» PROBLEM TO SOLVE
Leave out every picture and set down, exactly, the lines below from the one holding "五大体系成就百万变现AI超级" up to and including the one holding "Sedia da esterno".

» SUPPLIED DATA
-- Opening Marker --
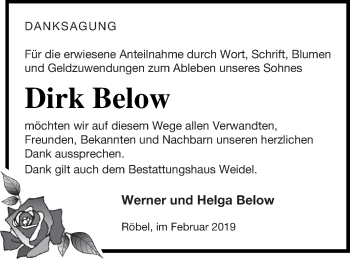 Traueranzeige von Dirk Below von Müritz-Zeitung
-- Closing Marker --
-- Opening Marker --
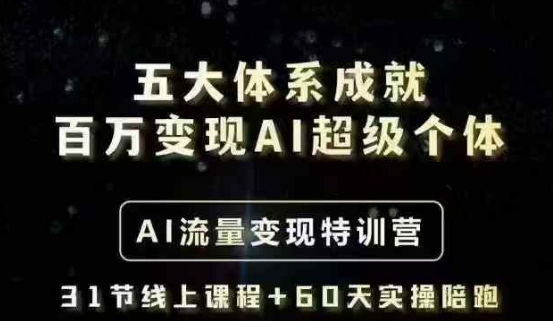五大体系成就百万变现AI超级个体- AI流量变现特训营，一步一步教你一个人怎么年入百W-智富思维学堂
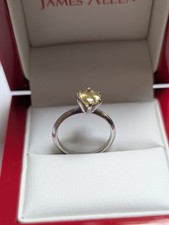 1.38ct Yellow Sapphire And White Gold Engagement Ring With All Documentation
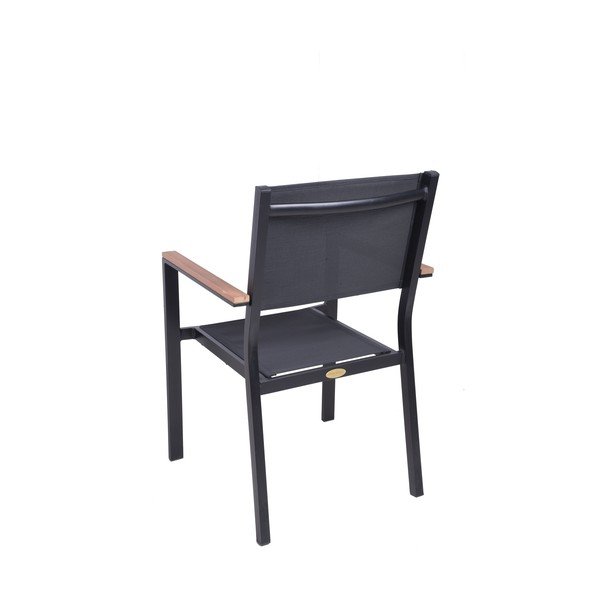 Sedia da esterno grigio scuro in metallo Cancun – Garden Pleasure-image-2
-- Closing Marker --
-- Opening Marker --
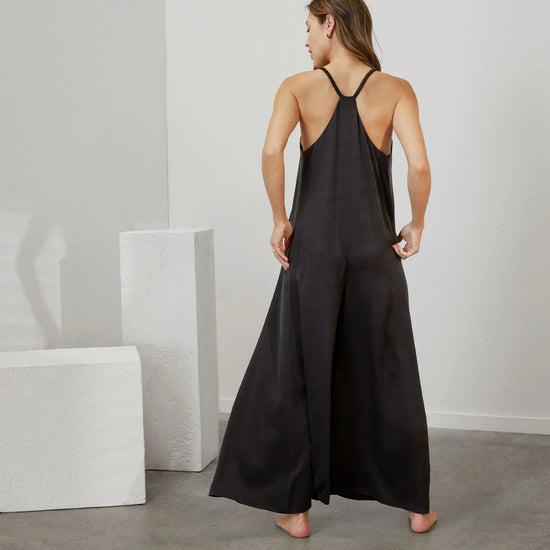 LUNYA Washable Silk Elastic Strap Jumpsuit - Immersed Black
-- Closing Marker --
» ANSWER BELOW
五大体系成就百万变现AI超级个体- AI流量变现特训营，一步一步教你一个人怎么年入百W-智富思维学堂
 1.38ct Yellow Sapphire And White Gold Engagement Ring With All Documentation
 Sedia da esterno grigio scuro in metallo Cancun – Garden Pleasure-image-2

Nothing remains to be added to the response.